Exercise objective >> Write down every entry once more, exactly as it reads.

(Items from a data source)
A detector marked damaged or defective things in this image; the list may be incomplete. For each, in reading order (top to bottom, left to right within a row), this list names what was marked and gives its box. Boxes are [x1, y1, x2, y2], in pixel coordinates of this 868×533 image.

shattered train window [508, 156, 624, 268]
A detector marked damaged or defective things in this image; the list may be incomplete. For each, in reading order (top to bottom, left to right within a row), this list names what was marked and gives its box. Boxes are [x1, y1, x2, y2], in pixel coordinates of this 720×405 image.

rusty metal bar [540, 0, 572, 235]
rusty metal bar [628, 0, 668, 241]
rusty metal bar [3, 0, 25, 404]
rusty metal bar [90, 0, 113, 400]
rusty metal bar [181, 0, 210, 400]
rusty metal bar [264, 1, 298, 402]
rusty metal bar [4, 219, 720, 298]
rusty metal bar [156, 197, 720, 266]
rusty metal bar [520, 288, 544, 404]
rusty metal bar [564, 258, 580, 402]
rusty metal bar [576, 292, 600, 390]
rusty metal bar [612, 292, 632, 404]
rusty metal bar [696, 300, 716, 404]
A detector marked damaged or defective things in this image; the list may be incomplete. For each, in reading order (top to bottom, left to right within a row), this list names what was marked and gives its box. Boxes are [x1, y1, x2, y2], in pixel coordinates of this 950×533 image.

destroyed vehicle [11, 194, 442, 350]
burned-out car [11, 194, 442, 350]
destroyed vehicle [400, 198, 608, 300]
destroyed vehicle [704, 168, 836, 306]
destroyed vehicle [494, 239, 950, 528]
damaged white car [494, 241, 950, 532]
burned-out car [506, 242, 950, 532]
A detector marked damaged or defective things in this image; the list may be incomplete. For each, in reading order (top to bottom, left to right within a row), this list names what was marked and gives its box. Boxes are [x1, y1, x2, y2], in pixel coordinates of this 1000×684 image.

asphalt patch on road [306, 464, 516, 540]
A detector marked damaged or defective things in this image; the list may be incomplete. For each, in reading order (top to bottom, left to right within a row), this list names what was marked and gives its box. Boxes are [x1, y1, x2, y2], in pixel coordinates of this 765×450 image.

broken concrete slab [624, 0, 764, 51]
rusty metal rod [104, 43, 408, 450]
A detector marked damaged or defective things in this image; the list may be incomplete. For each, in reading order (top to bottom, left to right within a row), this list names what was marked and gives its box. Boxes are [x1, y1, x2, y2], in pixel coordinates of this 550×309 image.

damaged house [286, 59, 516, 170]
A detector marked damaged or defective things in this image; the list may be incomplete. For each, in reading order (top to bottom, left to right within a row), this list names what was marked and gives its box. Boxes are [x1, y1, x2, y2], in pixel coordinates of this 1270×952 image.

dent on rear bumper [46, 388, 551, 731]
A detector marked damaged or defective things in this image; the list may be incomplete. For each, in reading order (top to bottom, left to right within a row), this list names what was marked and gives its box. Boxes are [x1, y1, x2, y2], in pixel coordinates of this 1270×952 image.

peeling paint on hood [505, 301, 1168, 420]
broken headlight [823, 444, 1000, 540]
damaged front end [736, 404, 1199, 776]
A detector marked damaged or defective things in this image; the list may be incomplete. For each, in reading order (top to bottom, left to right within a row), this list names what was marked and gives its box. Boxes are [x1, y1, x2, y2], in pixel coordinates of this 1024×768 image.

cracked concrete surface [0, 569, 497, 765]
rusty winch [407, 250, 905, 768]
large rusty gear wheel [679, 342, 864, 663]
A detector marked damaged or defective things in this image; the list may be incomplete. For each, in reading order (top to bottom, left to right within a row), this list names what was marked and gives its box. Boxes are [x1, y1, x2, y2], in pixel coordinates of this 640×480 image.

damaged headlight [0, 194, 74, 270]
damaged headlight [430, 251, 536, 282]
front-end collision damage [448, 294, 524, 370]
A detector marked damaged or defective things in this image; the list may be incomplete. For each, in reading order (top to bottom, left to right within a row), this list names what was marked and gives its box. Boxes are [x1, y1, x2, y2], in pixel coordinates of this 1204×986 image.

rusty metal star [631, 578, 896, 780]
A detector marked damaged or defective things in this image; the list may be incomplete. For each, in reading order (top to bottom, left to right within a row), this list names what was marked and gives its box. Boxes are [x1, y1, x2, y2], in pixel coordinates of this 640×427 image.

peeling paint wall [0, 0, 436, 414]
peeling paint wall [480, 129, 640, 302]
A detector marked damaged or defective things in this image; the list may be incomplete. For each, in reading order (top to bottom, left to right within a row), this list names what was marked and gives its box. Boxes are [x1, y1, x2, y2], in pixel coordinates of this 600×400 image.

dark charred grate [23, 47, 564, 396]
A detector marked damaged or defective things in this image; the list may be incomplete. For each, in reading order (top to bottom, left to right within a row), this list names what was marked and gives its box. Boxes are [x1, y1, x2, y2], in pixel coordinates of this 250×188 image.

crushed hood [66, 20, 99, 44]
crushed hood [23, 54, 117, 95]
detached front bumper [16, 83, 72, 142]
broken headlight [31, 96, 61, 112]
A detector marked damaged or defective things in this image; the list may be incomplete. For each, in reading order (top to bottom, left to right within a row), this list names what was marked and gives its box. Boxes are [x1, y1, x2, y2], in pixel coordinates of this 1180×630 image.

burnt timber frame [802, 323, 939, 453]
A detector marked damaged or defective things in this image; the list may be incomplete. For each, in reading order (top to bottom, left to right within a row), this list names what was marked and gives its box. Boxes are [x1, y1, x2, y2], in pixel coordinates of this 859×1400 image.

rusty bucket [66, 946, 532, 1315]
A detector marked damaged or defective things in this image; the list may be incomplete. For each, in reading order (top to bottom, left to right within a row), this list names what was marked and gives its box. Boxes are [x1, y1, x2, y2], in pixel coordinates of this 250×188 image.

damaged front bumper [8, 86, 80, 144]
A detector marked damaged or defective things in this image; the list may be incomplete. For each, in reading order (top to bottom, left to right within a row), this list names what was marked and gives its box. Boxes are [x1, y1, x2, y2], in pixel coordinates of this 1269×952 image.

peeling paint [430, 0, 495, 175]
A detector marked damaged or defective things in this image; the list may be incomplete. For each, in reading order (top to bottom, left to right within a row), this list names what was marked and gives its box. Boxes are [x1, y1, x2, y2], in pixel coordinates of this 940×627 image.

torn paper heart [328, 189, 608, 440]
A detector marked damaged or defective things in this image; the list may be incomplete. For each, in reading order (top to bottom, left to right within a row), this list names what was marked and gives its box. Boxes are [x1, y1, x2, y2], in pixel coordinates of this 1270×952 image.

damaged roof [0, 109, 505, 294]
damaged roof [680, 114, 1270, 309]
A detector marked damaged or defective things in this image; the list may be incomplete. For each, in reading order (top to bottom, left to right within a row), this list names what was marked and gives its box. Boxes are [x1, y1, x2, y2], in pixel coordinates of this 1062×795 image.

Answer below >>
A detector marked damaged or defective things in this image; the list may be incomplete. For each, in reading order (top to bottom, left to right within a row), this list names what was marked and gives its box. Boxes are [x1, y1, x2, y2], in pixel coordinates of this 868×533 image.

shattered train window [508, 156, 624, 268]
A detector marked damaged or defective things in this image; the list may be incomplete. For each, in reading order (top to bottom, left to right within a row), this list names what was marked and gives its box. Boxes are [x1, y1, x2, y2], in pixel coordinates of this 720×405 image.

rusty metal bar [540, 0, 572, 235]
rusty metal bar [628, 0, 668, 241]
rusty metal bar [3, 0, 25, 404]
rusty metal bar [90, 0, 113, 400]
rusty metal bar [181, 0, 210, 400]
rusty metal bar [264, 1, 298, 402]
rusty metal bar [4, 219, 720, 298]
rusty metal bar [156, 197, 720, 266]
rusty metal bar [520, 288, 544, 404]
rusty metal bar [564, 258, 580, 402]
rusty metal bar [576, 292, 600, 390]
rusty metal bar [612, 292, 632, 404]
rusty metal bar [696, 300, 716, 404]
A detector marked damaged or defective things in this image; the list may be incomplete. For each, in reading order (top to bottom, left to right within a row), this list names what was marked and gives its box. Boxes are [x1, y1, x2, y2], in pixel coordinates of this 950×533 image.

destroyed vehicle [11, 194, 442, 350]
burned-out car [11, 194, 442, 350]
destroyed vehicle [400, 198, 608, 300]
destroyed vehicle [704, 168, 836, 306]
destroyed vehicle [494, 239, 950, 528]
damaged white car [494, 241, 950, 532]
burned-out car [506, 242, 950, 532]
A detector marked damaged or defective things in this image; the list may be incomplete. For each, in reading order (top to bottom, left to right within a row), this list names what was marked and gives its box. Boxes are [x1, y1, x2, y2], in pixel coordinates of this 1000×684 image.

asphalt patch on road [306, 464, 516, 540]
A detector marked damaged or defective things in this image; the list may be incomplete. For each, in reading order (top to bottom, left to right within a row), this list names what was marked and gives its box. Boxes are [x1, y1, x2, y2], in pixel coordinates of this 765×450 image.

broken concrete slab [624, 0, 764, 51]
rusty metal rod [104, 43, 408, 450]
A detector marked damaged or defective things in this image; the list may be incomplete. For each, in reading order (top to bottom, left to right within a row), this list names what was marked and gives its box. Boxes are [x1, y1, x2, y2], in pixel coordinates of this 550×309 image.

damaged house [286, 59, 516, 170]
A detector marked damaged or defective things in this image; the list may be incomplete. For each, in reading order (top to bottom, left to right within a row), this list names what was marked and gives its box. Boxes are [x1, y1, x2, y2], in pixel coordinates of this 1270×952 image.

dent on rear bumper [46, 388, 551, 731]
A detector marked damaged or defective things in this image; the list may be incomplete. For each, in reading order (top to bottom, left to right within a row), this list names what was marked and gives its box. Boxes are [x1, y1, x2, y2], in pixel coordinates of this 1270×952 image.

peeling paint on hood [505, 301, 1168, 420]
broken headlight [823, 444, 1000, 540]
damaged front end [736, 404, 1199, 776]
A detector marked damaged or defective things in this image; the list may be incomplete. For each, in reading order (top to bottom, left to right within a row), this list names what was marked and gives its box. Boxes are [x1, y1, x2, y2], in pixel coordinates of this 1024×768 image.

cracked concrete surface [0, 569, 497, 765]
rusty winch [407, 250, 905, 768]
large rusty gear wheel [679, 342, 864, 663]
A detector marked damaged or defective things in this image; the list may be incomplete. For each, in reading order (top to bottom, left to right within a row), this list names what was marked and gives its box. Boxes are [x1, y1, x2, y2], in pixel coordinates of this 640×480 image.

damaged headlight [0, 194, 74, 270]
damaged headlight [430, 251, 536, 282]
front-end collision damage [448, 294, 524, 370]
A detector marked damaged or defective things in this image; the list may be incomplete. For each, in reading order (top to bottom, left to right within a row), this list names what was marked and gives its box. Boxes are [x1, y1, x2, y2], in pixel coordinates of this 1204×986 image.

rusty metal star [631, 578, 896, 780]
A detector marked damaged or defective things in this image; the list may be incomplete. For each, in reading order (top to bottom, left to right within a row), this list names what was marked and gives its box. Boxes are [x1, y1, x2, y2], in pixel coordinates of this 640×427 image.

peeling paint wall [0, 0, 436, 414]
peeling paint wall [480, 129, 640, 302]
A detector marked damaged or defective things in this image; the list may be incomplete. For each, in reading order (top to bottom, left to right within a row), this list names what was marked and gives its box. Boxes are [x1, y1, x2, y2], in pixel coordinates of this 600×400 image.

dark charred grate [23, 47, 564, 396]
A detector marked damaged or defective things in this image; the list may be incomplete. For each, in reading order (top to bottom, left to right within a row), this list names what was marked and gives its box. Boxes are [x1, y1, x2, y2], in pixel coordinates of this 250×188 image.

crushed hood [66, 20, 99, 44]
crushed hood [23, 54, 117, 95]
detached front bumper [16, 83, 72, 142]
broken headlight [31, 96, 61, 112]
A detector marked damaged or defective things in this image; the list may be incomplete. For each, in reading order (top to bottom, left to right within a row), this list names what was marked and gives its box. Boxes are [x1, y1, x2, y2], in pixel coordinates of this 1180×630 image.

burnt timber frame [802, 323, 939, 453]
A detector marked damaged or defective things in this image; the list may be incomplete. For each, in reading order (top to bottom, left to right within a row), this list names what was marked and gives its box. Boxes are [x1, y1, x2, y2], in pixel coordinates of this 859×1400 image.

rusty bucket [66, 946, 532, 1315]
A detector marked damaged or defective things in this image; the list may be incomplete. For each, in reading order (top to bottom, left to right within a row), this list names what was marked and gives its box. Boxes are [x1, y1, x2, y2], in pixel coordinates of this 250×188 image.

damaged front bumper [8, 86, 80, 144]
A detector marked damaged or defective things in this image; the list may be incomplete. For each, in reading order (top to bottom, left to right within a row), this list names what was marked and gives its box. Boxes are [x1, y1, x2, y2], in pixel coordinates of this 1269×952 image.

peeling paint [430, 0, 495, 175]
A detector marked damaged or defective things in this image; the list may be incomplete. For each, in reading order (top to bottom, left to right within a row), this list names what was marked and gives its box. Boxes are [x1, y1, x2, y2], in pixel coordinates of this 940×627 image.

torn paper heart [328, 189, 608, 440]
A detector marked damaged or defective things in this image; the list may be incomplete. For each, in reading order (top to bottom, left to right within a row), this list names what was marked and gives its box. Boxes are [x1, y1, x2, y2], in pixel coordinates of this 1270×952 image.

damaged roof [0, 109, 505, 294]
damaged roof [680, 114, 1270, 309]
A detector marked damaged or defective things in this image; the list may be incomplete. For each, in reading order (top to bottom, left to right within a row), this list names what was marked and gives its box. Boxes are [x1, y1, x2, y2], in pixel coordinates of this 1062×795 image.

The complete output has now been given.